Relatório do IPEA registra avanços na cobertura e na qualidade da oferta dos serviços de acolhimento institucional para crianças e adolescentes
Documento é o primeiro produto da avaliação do Plano Nacional de Promoção, Proteção e Defesa do Direito de Crianças e Adolescentes à Convivência Familiar e Comunitária
Foto: Ana Nascimento/Min. Cidadania |
O serviço de acolhimento institucional para crianças e adolescentes, que faz parte do Sistema Único de Assistência Social (SUAS) do Governo Federal, registrou grandes avanços nos últimos anos. É o que revela o relatório Trajetória dos serviços de acolhimento para crianças e adolescentes, do Instituto de Pesquisa Econômica Aplicada (IPEA). Além de um aumento de 16% no número de instituições em todo o país, agora os serviços estão mais interiorizados, ofertados em locais de menor porte e para grupos reduzidos.
O relatório é o primeiro produto da avaliação do Plano Nacional de Promoção, Proteção e Defesa do Direito de Crianças e Adolescentes à Convivência Familiar e Comunitária (PNCFC) e foi apresentado na última segunda-feira (26.10) em uma reunião conjunta entre a Comissão de Políticas do Conselho Nacional de Assistência Social (CNAS) e a Comissão de Políticas do Conselho Nacional dos Direitos da Criança e do Adolescente (Conanda).
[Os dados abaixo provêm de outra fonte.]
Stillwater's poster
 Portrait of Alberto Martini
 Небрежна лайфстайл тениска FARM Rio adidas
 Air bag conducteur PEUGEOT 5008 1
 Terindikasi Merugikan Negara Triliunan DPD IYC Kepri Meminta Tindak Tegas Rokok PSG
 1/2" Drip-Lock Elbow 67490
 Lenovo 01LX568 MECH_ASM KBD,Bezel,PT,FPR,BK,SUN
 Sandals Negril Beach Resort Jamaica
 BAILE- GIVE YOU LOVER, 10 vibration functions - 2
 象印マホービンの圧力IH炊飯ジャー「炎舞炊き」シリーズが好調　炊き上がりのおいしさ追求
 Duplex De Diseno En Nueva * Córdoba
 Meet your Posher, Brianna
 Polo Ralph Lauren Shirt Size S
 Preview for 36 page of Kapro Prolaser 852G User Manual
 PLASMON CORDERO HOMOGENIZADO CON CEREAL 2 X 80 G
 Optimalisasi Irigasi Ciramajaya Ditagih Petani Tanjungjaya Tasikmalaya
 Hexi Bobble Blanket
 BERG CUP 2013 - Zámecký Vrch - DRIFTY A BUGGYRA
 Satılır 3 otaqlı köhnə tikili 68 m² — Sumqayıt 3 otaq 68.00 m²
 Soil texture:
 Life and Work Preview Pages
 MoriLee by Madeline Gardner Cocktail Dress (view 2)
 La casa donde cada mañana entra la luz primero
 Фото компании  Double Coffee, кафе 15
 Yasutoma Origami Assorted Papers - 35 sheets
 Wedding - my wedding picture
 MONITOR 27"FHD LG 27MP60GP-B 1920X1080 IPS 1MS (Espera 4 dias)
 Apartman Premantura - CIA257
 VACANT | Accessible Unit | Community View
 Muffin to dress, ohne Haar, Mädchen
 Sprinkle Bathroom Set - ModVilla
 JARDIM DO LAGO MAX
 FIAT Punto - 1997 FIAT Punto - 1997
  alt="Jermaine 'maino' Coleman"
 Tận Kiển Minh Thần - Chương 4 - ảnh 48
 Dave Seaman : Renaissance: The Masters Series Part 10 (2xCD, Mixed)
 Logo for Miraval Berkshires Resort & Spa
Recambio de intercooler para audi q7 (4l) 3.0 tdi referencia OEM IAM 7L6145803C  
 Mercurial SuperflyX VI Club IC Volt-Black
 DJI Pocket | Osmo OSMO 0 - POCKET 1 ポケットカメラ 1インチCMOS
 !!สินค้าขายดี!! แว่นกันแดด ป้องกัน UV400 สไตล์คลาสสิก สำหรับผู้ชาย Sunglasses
O estudo utilizou como base de dados o Censo SUAS e pesquisas sobre serviços de acolhimento realizadas anteriormente pelo IPEA e pela Fiocruz.
"O estudo é resultado da convergência de esforços entre os atores do Governo Federal e o IPEA, trazendo mais uma contribuição histórica desse Instituto para o avanço das políticas voltadas à promoção do direito à convivência familiar e comunitária e ao aprimoramento dos serviços de acolhimento para crianças e adolescentes", comenta a secretária nacional de Assistência Social (SNAS) do Ministério da Cidadania, Mariana Neris. "Sua realização foi possível graças à parceria com o IPEA e à disponibilização dos dados do Censo SUAS, que é o principal instrumento de materialização do papel da vigilância socioassistencial no monitoramento da rede socioassistencial, coordenado pelo Ministério da Cidadania”, completa.
De acordo com o levantamento, em 2010 havia 2.624 instituições de acolhimento institucional de crianças e adolescentes no Brasil. Os dados mais recentes são de 2018 e mostram que esse número subiu para 2.877. Se por um lado houve a ampliação da oferta dos serviços, por outro foi constatada uma redução no número de vagas. Segundo a análise, isso significa que as novas instituições cumprem a orientação de acolher uma quantidade reduzida de crianças e de adolescentes por unidade, o que permite uma atenção mais individualizada e de melhor qualidade. Em 2010, eram 52.587 vagas, enquanto o dado mais recente é de 50.646.
"Essas crianças e esses adolescentes são afastados das suas famílias porque sofreram situações de violência, abandono ou negligência. Então, são afastados e acolhidos temporariamente nos serviços de acolhimento", explica Enid Rocha, pesquisadora do IPEA e responsável pelo estudo, que contou, ainda, com o trabalho dos pesquisadores Elaine Lício, Marco Natalino, Aline Amaral e da bolsista Marina Brito.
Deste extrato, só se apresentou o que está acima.